Aim of the task
From the records that follow, return exactly the lines beginning at the one that contains "Circa Waves - Never Going Under Music CD" and ending at the one that contains "Before It Sinks", pictures left out.

Data shown
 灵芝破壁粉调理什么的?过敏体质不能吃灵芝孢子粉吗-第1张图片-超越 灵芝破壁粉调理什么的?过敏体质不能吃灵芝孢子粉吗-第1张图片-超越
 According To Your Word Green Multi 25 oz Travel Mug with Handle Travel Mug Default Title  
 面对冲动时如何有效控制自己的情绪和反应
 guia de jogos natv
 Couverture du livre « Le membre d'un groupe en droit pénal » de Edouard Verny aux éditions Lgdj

* * *

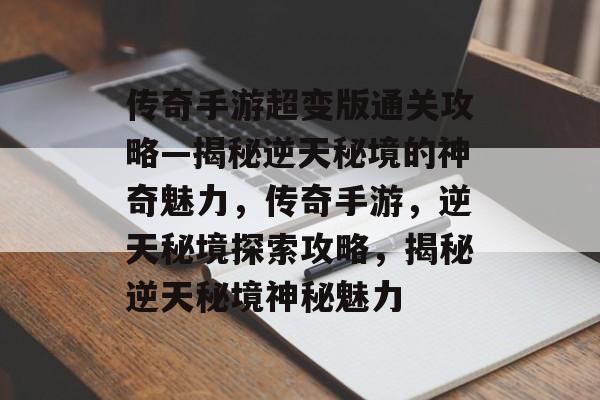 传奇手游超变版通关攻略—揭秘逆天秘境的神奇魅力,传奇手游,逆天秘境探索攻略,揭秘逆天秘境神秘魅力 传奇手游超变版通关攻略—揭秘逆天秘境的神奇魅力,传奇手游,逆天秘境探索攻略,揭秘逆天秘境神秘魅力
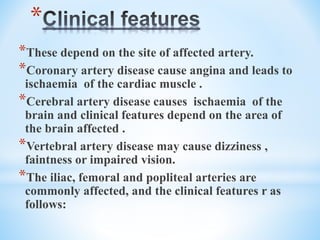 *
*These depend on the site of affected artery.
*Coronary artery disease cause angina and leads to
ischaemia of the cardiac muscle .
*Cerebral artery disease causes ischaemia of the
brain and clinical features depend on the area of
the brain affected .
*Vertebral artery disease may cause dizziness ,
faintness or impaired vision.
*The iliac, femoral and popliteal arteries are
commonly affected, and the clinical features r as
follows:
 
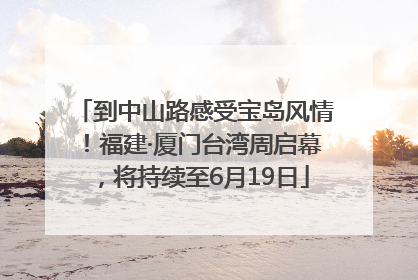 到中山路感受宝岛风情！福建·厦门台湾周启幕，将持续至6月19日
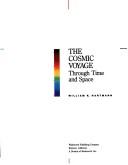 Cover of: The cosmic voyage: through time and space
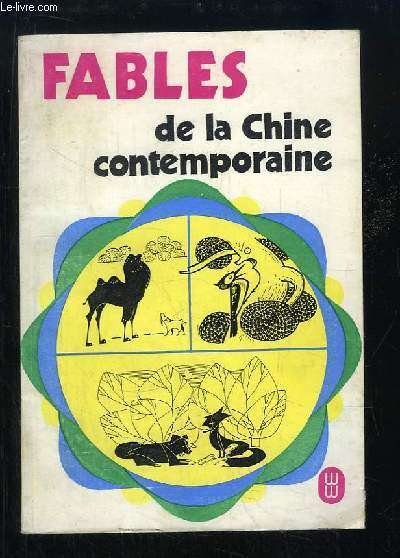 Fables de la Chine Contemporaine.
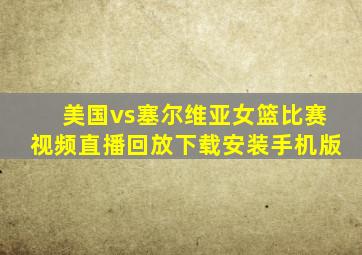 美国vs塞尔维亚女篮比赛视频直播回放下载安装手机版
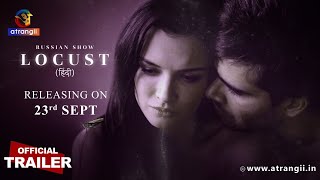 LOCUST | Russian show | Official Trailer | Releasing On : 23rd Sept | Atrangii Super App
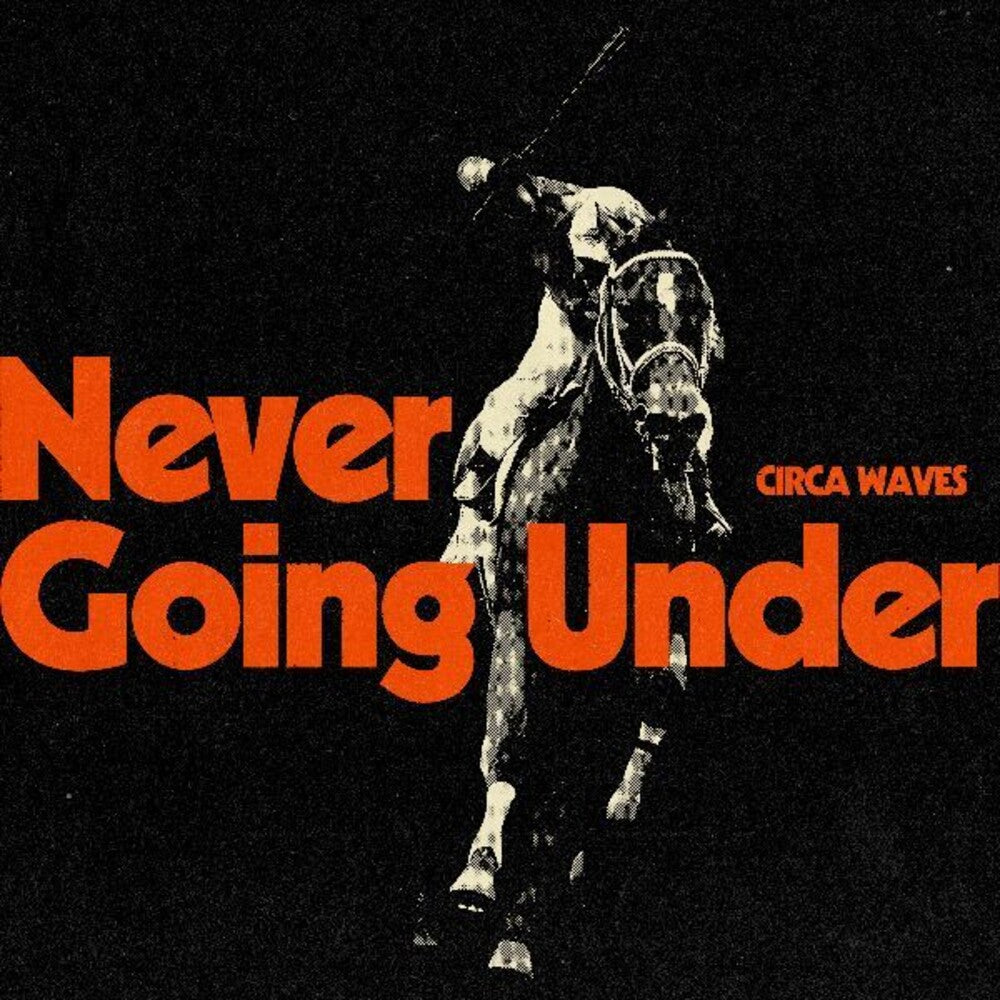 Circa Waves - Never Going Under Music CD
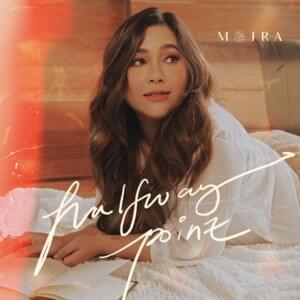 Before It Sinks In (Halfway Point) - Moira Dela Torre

Task answer
 Circa Waves - Never Going Under Music CD
 Before It Sinks In (Halfway Point) - Moira Dela Torre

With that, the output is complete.